Impulse multiplexers themselves are fast--O(1) that is. They have two conditionals (num < 0 || num >= Impulses.Count) and that's really it. It's how you obtain the index that can be the real bottleneck of code, and you would have to figure out that bottleneck yourself first (usually, any Index Of First Match for this index is pretty slow).

One interesting thing about impulse multiplexers is that any index outside the bounds of the multiplexer causes the impulse to drop, which is useful for parsers. You can combine this with the string as lookup table part to filter out any specific characters (such as whitespace characters) by setting them to 1 until you reach a non-whitespace character, which will be 0. This prevents the need to use a separate if statement or evaluation while staying fast due to using a LUT.

Reducing Branches

Branches are the main obstacle to avoid when trying to optimize code. Taking branches mean either waiting for the pipeline to complete before trying, or branch predicting and risking a miss. Compilers nowadays are really good at compiling out what one would assume to be branches into faster code, but due to the old mono runtime Resonite uses, ProtoFlux's architecture, or both, branches aren't quite optimized out that well, which can lead to really slow code. Here's a few ways to reduce the amount of branches in ProtoFlux.

Bit Manipulation

Bit Manipulation is achieving a desired result by leveraging individual bits of a number, usually involving a bunch of shifts and bit operators like OR, AND, NOR, etc.

For a large list of bit manipulations and other optimization goodies along the line that you could utilize in ProtoFlux, take a look at Bit Twiddling Hacks.

Strings As Lookup Tables

This one is a pretty neat one that allowed me to reduce my parsing of a 50k character long JSON string from ~260ms (using a two-input index of first match) to ~160ms. If you're making a parser and can be sure that the "relevant" characters (for e.g. escaping or determining a type) lie in pure ASCII, it doesn't take that much memory at all to make a lookup table. Here's how:

For your string, signify any "irrelevant" characters as the null character (0x00) and any "relevant" characters as something other than the null character. Whatever the relevant character value is depends on your use case, but it can go up to 65535 given that a string is just an array of chars. For my JSON string parser, I made the relevant values decimal 1 and 2 for backslash and quote. These relevant values would then directly change the state and plug into an impulse multiplexer for determining what to do next. You can either make this string in game, which would involve either manual character entering (pain) or a ton of string multiply -> concat string char (also pain), or you can create it externally with a hex editor and import it as a .txt file.

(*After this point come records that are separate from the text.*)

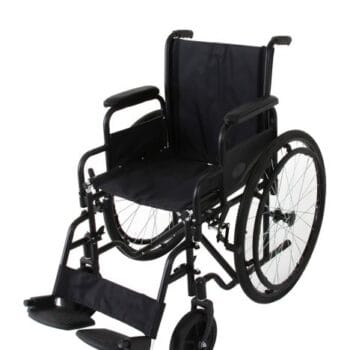 KY903-46 Kifidis Ayak ve Kolçakları Çıkarılabilen Manuel Tekerlekli Sandalye Siyah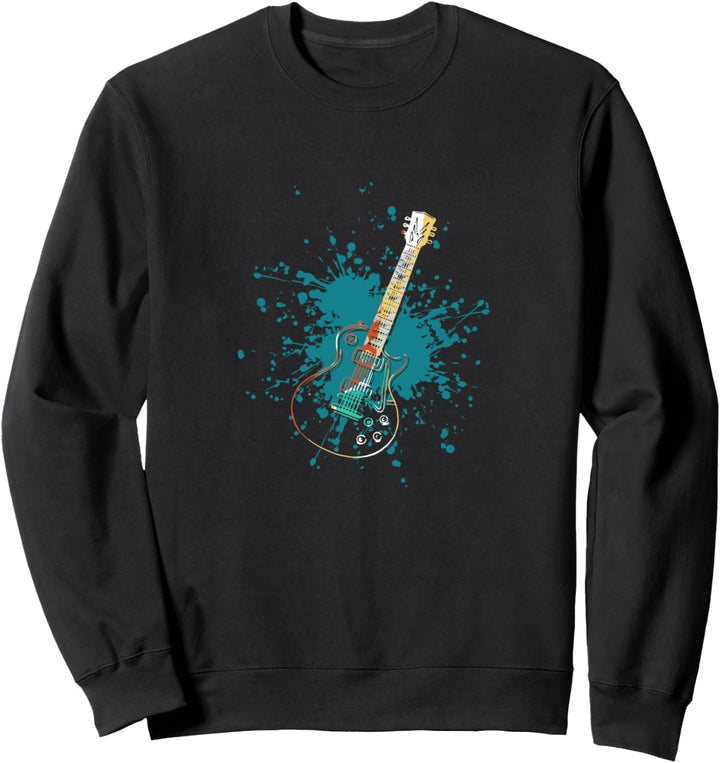 Gitarre, E-Gitarre, Gitarrist und Musik Band Sweatshirt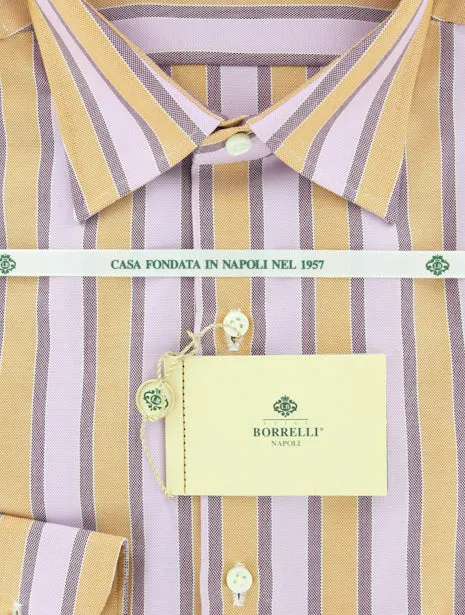 Luigi Borrelli Orange Shirt - Slim
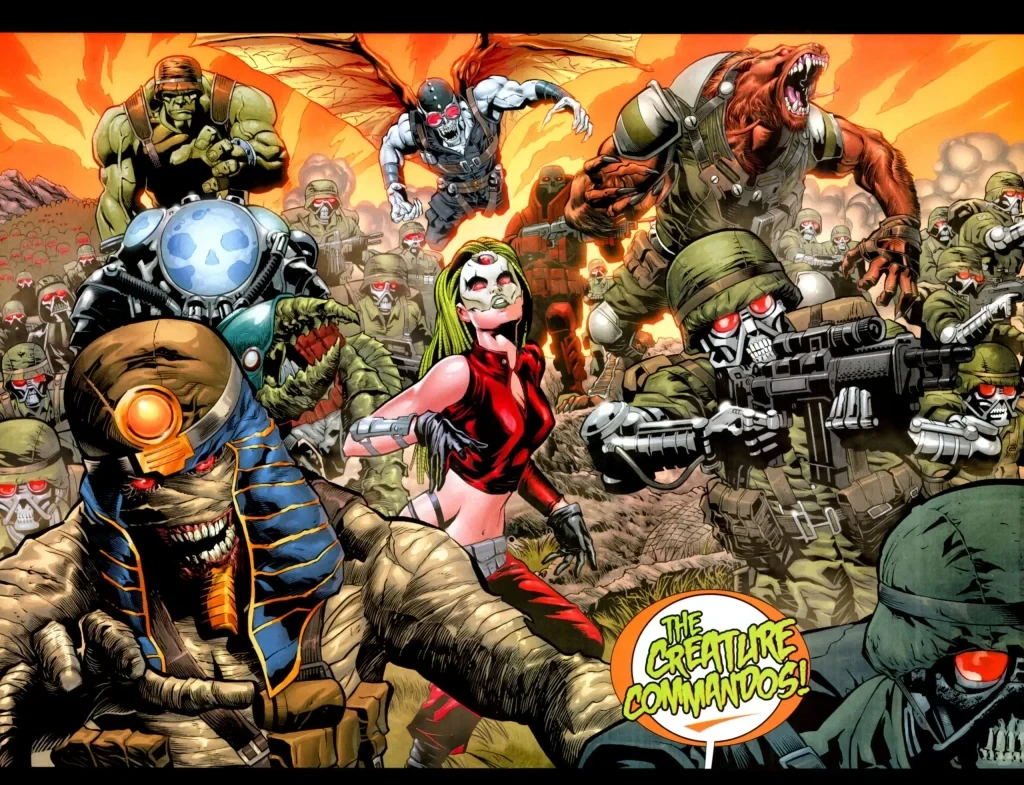 Creature Commandos. | Credit: DC Comics.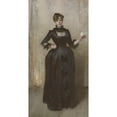 thumbnail image 3 of John Singer Sargent 9x14 Black Modern Framed Museum Art Print Titled - Lady with the Rose (Charlotte Louise Burckhardt) (1882), 3 of 5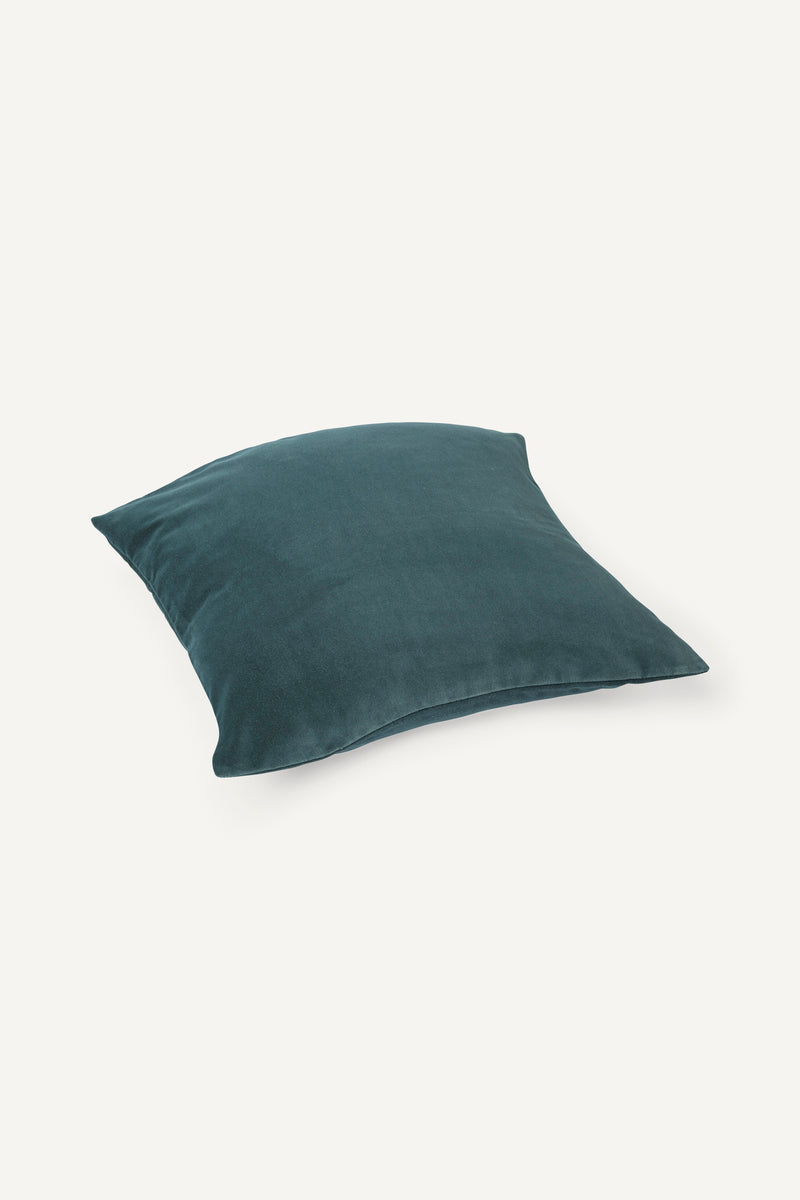 Essential Velvet Cushion Cover - Icy Teal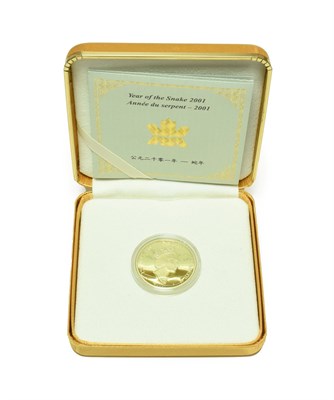 Lot 4285 - Canada Gold Proof 150 Dollars 2001 'Year of the Snake' struck by the Royal Canadian Mint; the...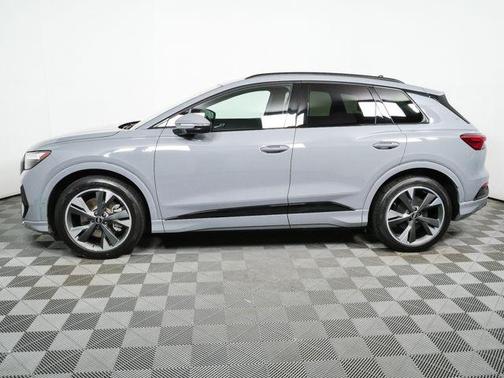 Pebble Gray 2024 Audi Q4 e-tron Premium Plus 55 quattro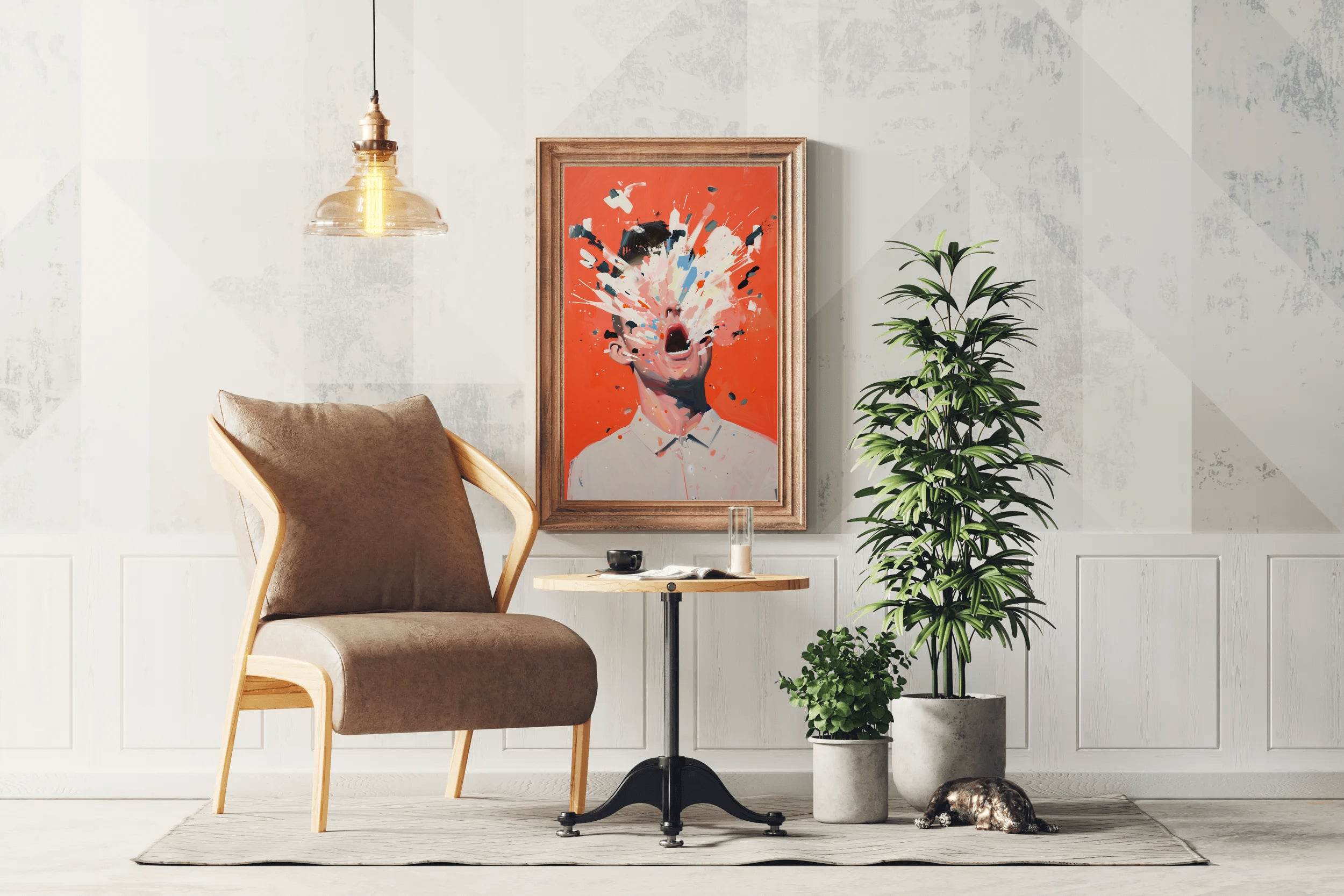 Explosion of Colorful Outburst Wall Art - beink online art store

One thing to be careful about when using a hex editor is to not use any bytes above 0x7F, since importing a file with bytes above 0x7F will corrupt the data. Or, if you're smart, you can make the file UTF-8 from the get-go so it works... but that's also pain. I've personally never needed any values higher than 0x7F myself

Reducing Nodes

It's not just branches that can be reduced. Reducing nodes in general can pose a non-insignificant speedup. I highly recommend testing if reducing nodes actually matter for your use case before committing to it at all, but here's a few examples of what I have experienced.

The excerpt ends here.